Hormone Imbalances and Cancer

Outcomes often have unsuspecting origins. Nowhere is this more evident than in metabolic endotoxemia and hormones. Brevity is the soul of whit. However, when it comes to hormones, brevity is the soul of ignorance.

What is the impact of metabolic endotoxemia?

One does not need to jump all the way to obesity and disease to see the manifestations of the diet —> gut microbiome —> metabolic endotoxemia —> dysfunction. It is right up in your face. Most just don’t recognize it.

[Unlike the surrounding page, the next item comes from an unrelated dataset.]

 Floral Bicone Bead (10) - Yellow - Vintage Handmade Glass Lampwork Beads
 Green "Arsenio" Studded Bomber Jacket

It is essential to understand that the alteration of the gut microbiome is the direct result of dietary and oral intervention. Whether it be twinkies, muffins, cookies, or broccoli, spinach, or brussel sprouts, or antibiotics, the effect changes the bacteria that live in the gastrointestinal tract, also known as the gut microbiome.

hormone imbalance and cancer

Hormones are often the first to manifest the metabolic dysfunctions that eventually result in disease. Hormone imbalances, deficiencies, dysfunction can point right back to the same gut-sourced metabolic endotoxemia. In many ways, hormones imbalances are just the manifestation of the underlying problem, the check engine light, if you will, that precedes the very large physical manifestations of obesity or other diseases.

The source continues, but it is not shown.